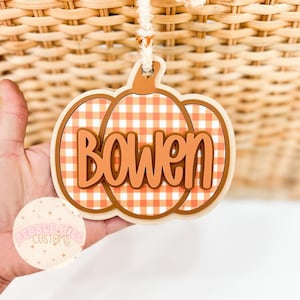 Gingham Pumpkin Tag, Halloween Basket Tag, Halloween Gifts for Kids, Boo Basket Tag, Halloween Name Tags,
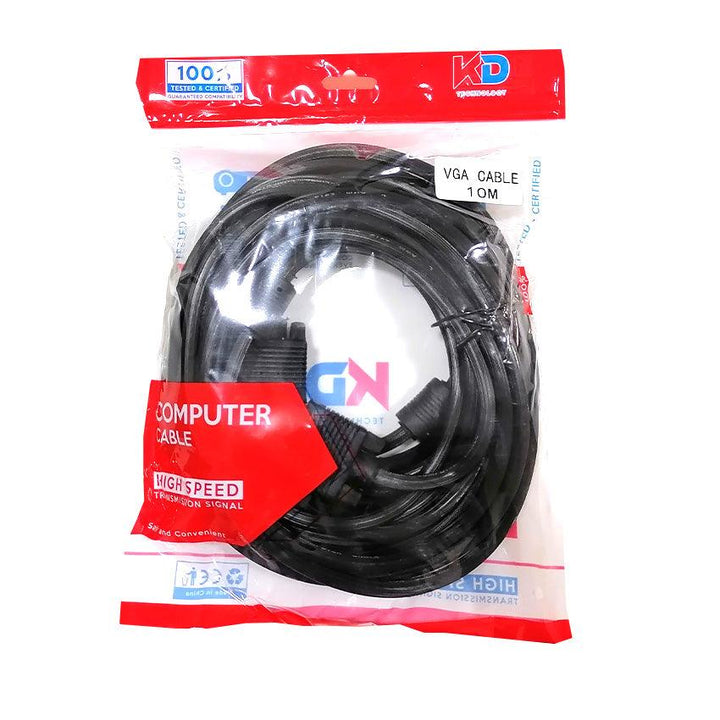 KD VGA Cable 10M Black-VGA Cable-KD-Computer Accessories, COMPUTERS, PC Cables, VGA Cable-الدباح-El Dabbah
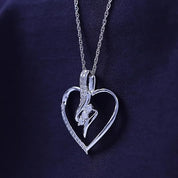 3 Stone Swirl Heart Lab Grown Diamond Pendant Necklace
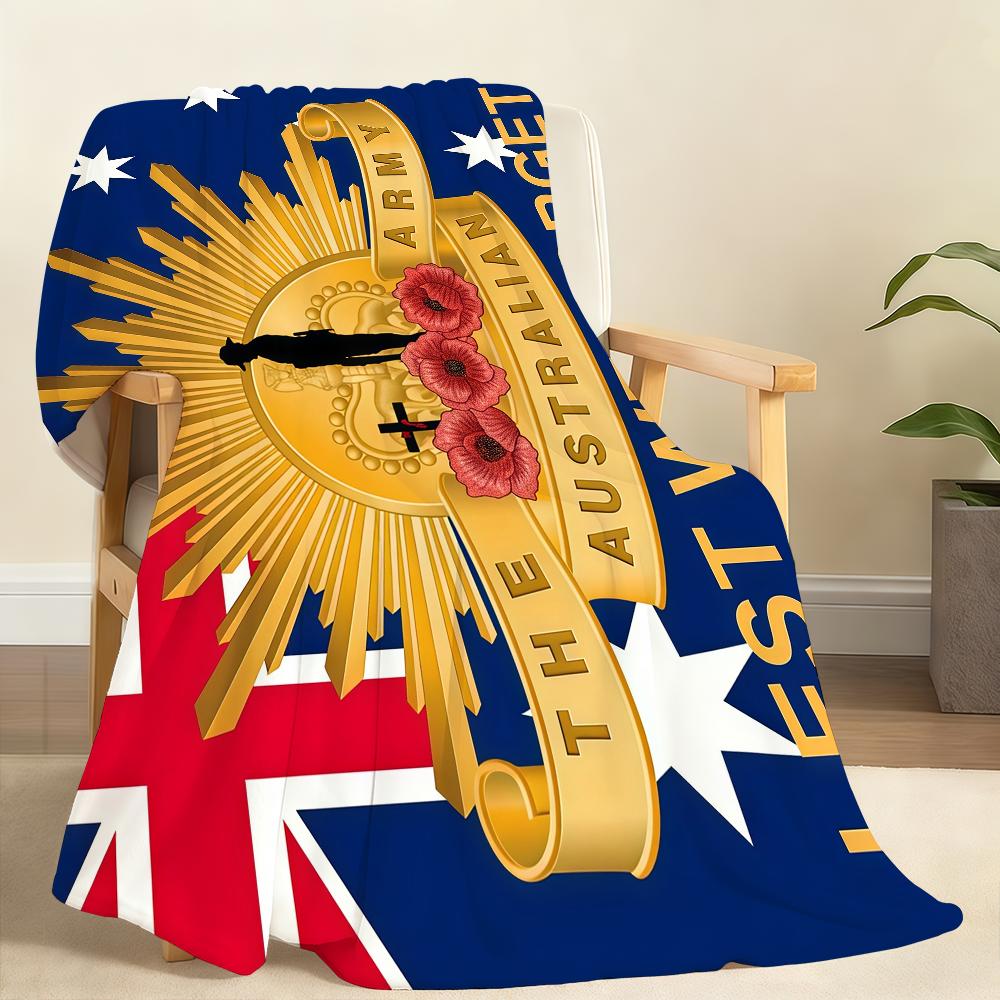 

A-Australia Lest We F-Forget Blanket Soft Throw Blanket for Home Bedroom Bed Sofa Picnic Travel Office Rest Cover Blanket Gift 150x200cm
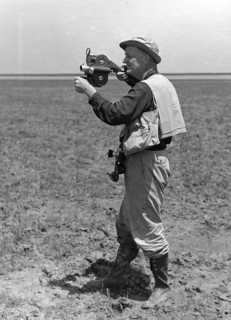 Dr Roger Tory Peterson with a film camera Coto Donana 1956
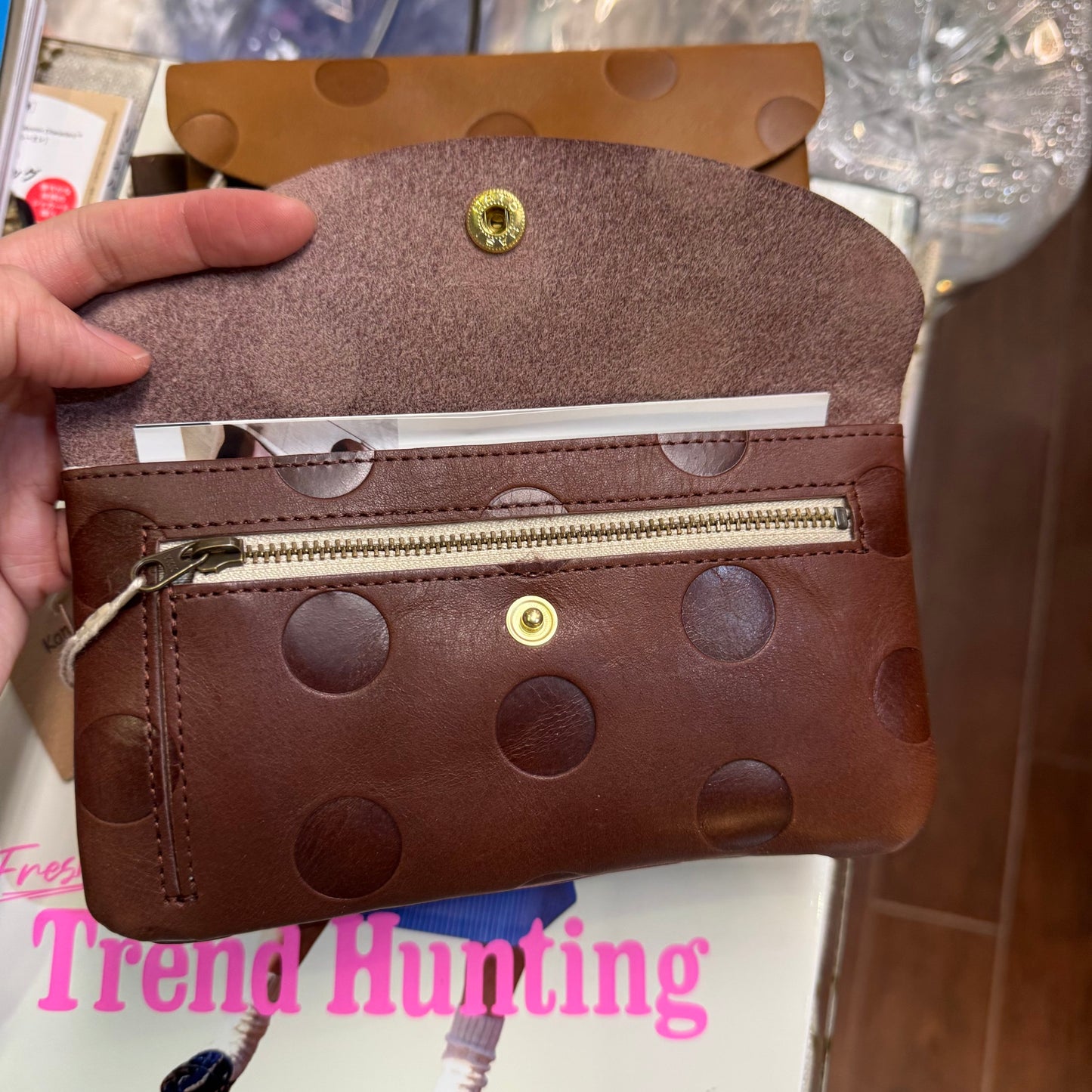 Kanmi Polka Leather Long Wallet, 3 Colors, made in Japan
========================================
» ASSIGNMENT:
With the pictures excluded, retype the records above verbatim.

» RESPONSE TO THE EXERCISE:
 Gingham Pumpkin Tag, Halloween Basket Tag, Halloween Gifts for Kids, Boo Basket Tag, Halloween Name Tags,
 KD VGA Cable 10M Black-VGA Cable-KD-Computer Accessories, COMPUTERS, PC Cables, VGA Cable-الدباح-El Dabbah
 3 Stone Swirl Heart Lab Grown Diamond Pendant Necklace

A-Australia Lest We F-Forget Blanket Soft Throw Blanket for Home Bedroom Bed Sofa Picnic Travel Office Rest Cover Blanket Gift 150x200cm
 Dr Roger Tory Peterson with a film camera Coto Donana 1956
 Kanmi Polka Leather Long Wallet, 3 Colors, made in Japan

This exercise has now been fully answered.